One way to do this is to create basic story problems that promote saving a portion of the money you earn. Duplicate this by starting a savings account for them so they can set aside money for special events or an expensive toy.
Start Them Young
The younger generation may not be saving like past generations because of technology and how quickly things can be bought. For example, kids in the 1980s had to earn cash, get a ride to the store and then wait in line to buy the newest video game console or toy. Nowadays, they can pay for items through their XBOX or with the touch of a smart tablet, often using their parent’s credit cards.
One option to counteract this is to give kids chores to complete and pay them in cash. They can save the cash and deposit it into their savings account to learn the ethic of saving.
Invest In Their Future
In today’s world of instant gratification, it can be hard for kids and adults alike to save money for college and future expenses. Luckily, there are some options to make things a little easier, including:
- 529 qualified tuition plans — Prepaid tuition plans and education savings plans allow parents and grandparents to contribute funds that are tax-free when withdrawn for educational purposes such as tuition payments to a university.

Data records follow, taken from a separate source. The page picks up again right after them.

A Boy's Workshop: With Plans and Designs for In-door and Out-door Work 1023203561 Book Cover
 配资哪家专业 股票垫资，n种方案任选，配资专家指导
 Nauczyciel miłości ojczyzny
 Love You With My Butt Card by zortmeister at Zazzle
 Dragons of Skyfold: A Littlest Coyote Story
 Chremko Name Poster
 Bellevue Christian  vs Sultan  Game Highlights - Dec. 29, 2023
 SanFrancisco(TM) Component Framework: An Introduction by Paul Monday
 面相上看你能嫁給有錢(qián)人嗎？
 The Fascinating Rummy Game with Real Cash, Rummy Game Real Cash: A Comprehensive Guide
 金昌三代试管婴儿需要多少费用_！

- Life Insurance — Parents and grandparents can open a life insurance policy for their kids and grandkids. This can help ease the financial burden for them later in life and actually works like a savings account too. Some policies allow for early withdrawal for cash access.
- Parent-Child IRA — Parents can start an IRA for their kids at any age. This takes saving a step further. For every dollar that a child deposits into their savings account, the parent matches that deposit. It’s a great way to build up a good nest egg while teaching the fundamentals of saving dollars and cents.
These are just a few savings options that go past simply putting cash in a piggy bank (which is still a good idea, by the way).
Establishing Good Credit Habits Early
Cash is great when it’s readily available and on reserve at all times. Unfortunately for most people, that’s not feasible throughout their entire life. Teaching kids positive credit habits early on is important. This includes:
- Never borrowing more than what they can pay back
- Paying debt back on time
- Avoiding multiple revolving credit accounts
- Using credit cards to build credit not get further into debt
Credit is almost as good as cash, but only when it’s on favorable finance terms and used wisely.
This generation isn’t saving for things like college, their first car or a home as much as kids did in the past. To turn this trend around, the change starts with parents teaching the fundamentals of savings and credit. A little education goes a long way toward their personal success.